#### INSTRUCTIONS FOR THE TASK:
Word for word, copy the line that contains "Comme on s’est" and each line after it in the data below. Pictures stay out of the copy.

#### DATASET EXTRACT:
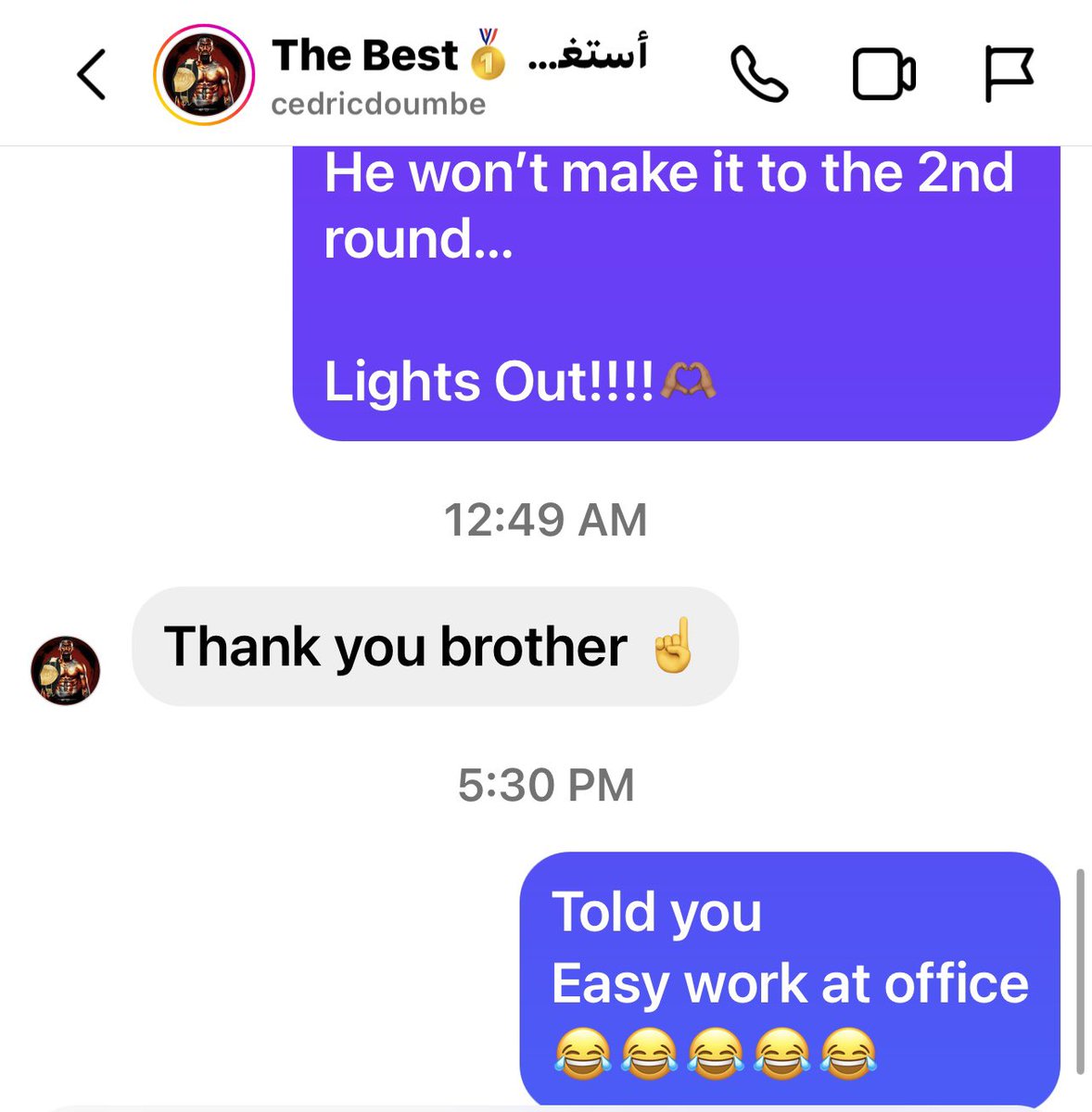 🥊🥊🥊 bro 
Comme on s’est dit :
Easy Job at office👍🏽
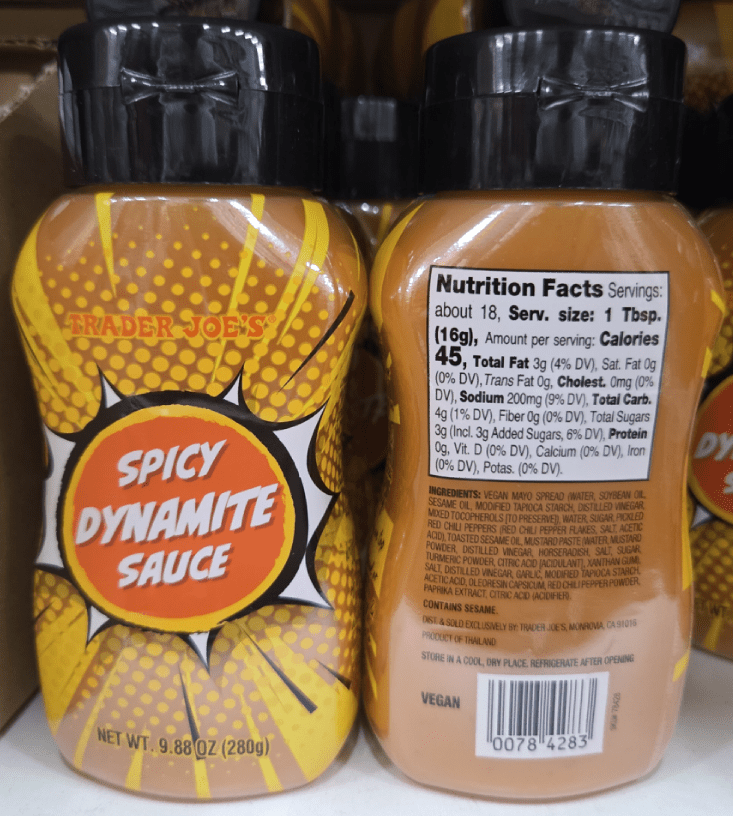 Trader Joe's Spicy Dynamite Sauce 9.88oz 280g (2 Jars) - Walmart.com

#### COMPLETED EXERCISE:
Comme on s’est dit :
Easy Job at office👍🏽
 Trader Joe's Spicy Dynamite Sauce 9.88oz 280g (2 Jars) - Walmart.com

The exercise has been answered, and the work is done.